- Australian theatrical release poster
- Directed by: Ricard Cussó;
- Written by: Elise Allen; Elie Choufany; Dominic Morris;
- Based on: The Pout-Pout Fish by Deborah Diesen
- Produced by: Nadine Bates; Madeira Ginley; Kristen Souvlis; Cyma Zarghami;
- Starring: Nick Offerman; Nina Oyama; Miranda Otto; Remy Hii; Mark Coles Smith; Nazeem Hussain; Jordin Sparks; Amy Sedaris;
- Edited by: Ahmad Halimi
- Music by: Ack Kinmonth
- Production companies: MIMO Studios; Like a Photon Creative; Cosmic Dino Studio; Alceon Entertainment; Eclectik Vision;
- Distributed by: Viva Pictures (United States); Maslow Entertainment (Australia and New Zealand);
- Release dates: January 1, 2026 (Australia); March 20, 2026 (United States);
- Running time: 92 minutes
- Countries: Australia; United States;
- Language: English
- Budget: <$10 million
- Box office: $5.4 million

= The Pout-Pout Fish (film) =

2026 animated children's film

The Pout-Pout Fish is a 2026 animated comedy film directed by Ricard Cussó and written by Elise Allen, Elie Choufany, and Dominic Morris, based on the children's book by Deborah Diesen.
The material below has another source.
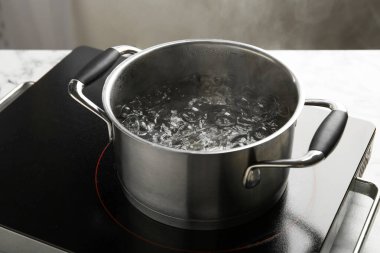 Kaynar suyla tencereyi pişirmek ve arka plandaki gri ışığa karşı soba, yakın plan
It is an international co-production between Australia and United States and features the voices of Nick Offerman, Nina Oyama, Miranda Otto, Remy Hii, Mark Coles Smith, Nazeem Hussain, Jordin Sparks, and Amy Sedaris. The film was released theatrically on January 1, 2026 in Australia and on March 20, 2026 in the United States. It received mixed reviews from critics.

== Plot ==
Mr. Fish lives in a coral reef society. Described as glum and gloomy, he meets baby sea dragon Pip at his shipwreck home. Pip needs help expanding her home to accommodate for her hundreds of siblings. At first, Mr. Fish declines, but changes his mind after both his and Pip's homes are destroyed. Instead of rebuilding, Pip suggests they visit Shimmer, a mysterious, wish-granting fish.

Underneath the reef is an abyss home to a pod of cuttlefish, led by their leader Marin, who is in danger of being cut off from the sun due to kelp growth and will soon be forced to relocate. Benji, her son, does not wish to leave, deciding to seek out Shimmer as well. This puts both Benji and Mr. Fish in a race to find Shimmer, as it is rumored that she can only fulfill one wish every few years.

Mr. Fish and Pip make their way to Shimmer, by rescuing two jellyfish, helping three dolphins, and helping a mother whale find her child, with the assistance of an eel. They eventually reach Shimmer, but are interrupted when Benji kidnaps her. Benji arrives at the abyss with Shimmer with others trailing behind, when she reveals that she can't actually fulfill wishes. Because of this, the cuttlefish relocate to the reef above, with Marin disowning Benji. They hypnotize its residents into exile. In an attempt to save the reef, Mr. Fish and Pip call upon the animals they helped. They manage to remove all of the kelp, allowing the cuttlefish to return to their homes.

After they return, Mr. Fish has his home rebuilt, and Pip's family moves to a cruise shipwreck fitting all of her siblings. Pip reveals to Mr. Fish that she wrote a story named "The Pout-Pout Fish", of which the film is depicting. As Pip leaves, Mr. Fish is greeted by Shimmer, who the former tries asking out, unaware that the eel accidentally caused his home to be destroyed again.

==Voice cast==
- Nick Offerman as Mr. Fish, a short-tempered sky blue and purple ocean pout
- Nina Oyama as Pip, a hyperactive baby yellow leafy seadragon
- Miranda Otto as Marin, a female red cuttlefish
- Remy Hii as Benji, an orange cuttlefish
- Jordin Sparks as Shimmer, a mystical pink Siamese fighting fish
- Amy Sedaris as Brigitta, Greta and Karina, three pink Dolphins
- Nazeem Hussain as Archie, a blue cuttlefish with glasses
- Mark Coles Smith as Hector, an orange octopus shop owner
- Grant Denyer as Beautiful Mike
- Lloyd Langford as a bioluminescent eel
- Mel Buttle as Shaz, a purple box jellyfish

==Release==
The Pout-Pout Fish was released theatrically on January 1, 2026 in Australia by Maslow Entertainment and was released on March 20 in the United States, by Viva Pictures.

==Reception==
===Critical response===

Catherine Bray of The Guardian gave the film two out of five, writing: "Based on the books by Deborah Diesen and Dan Hanna, The Pout-Pout Fish’s animation lacks the charm of the books’ illustrations, and the writing is uninspired."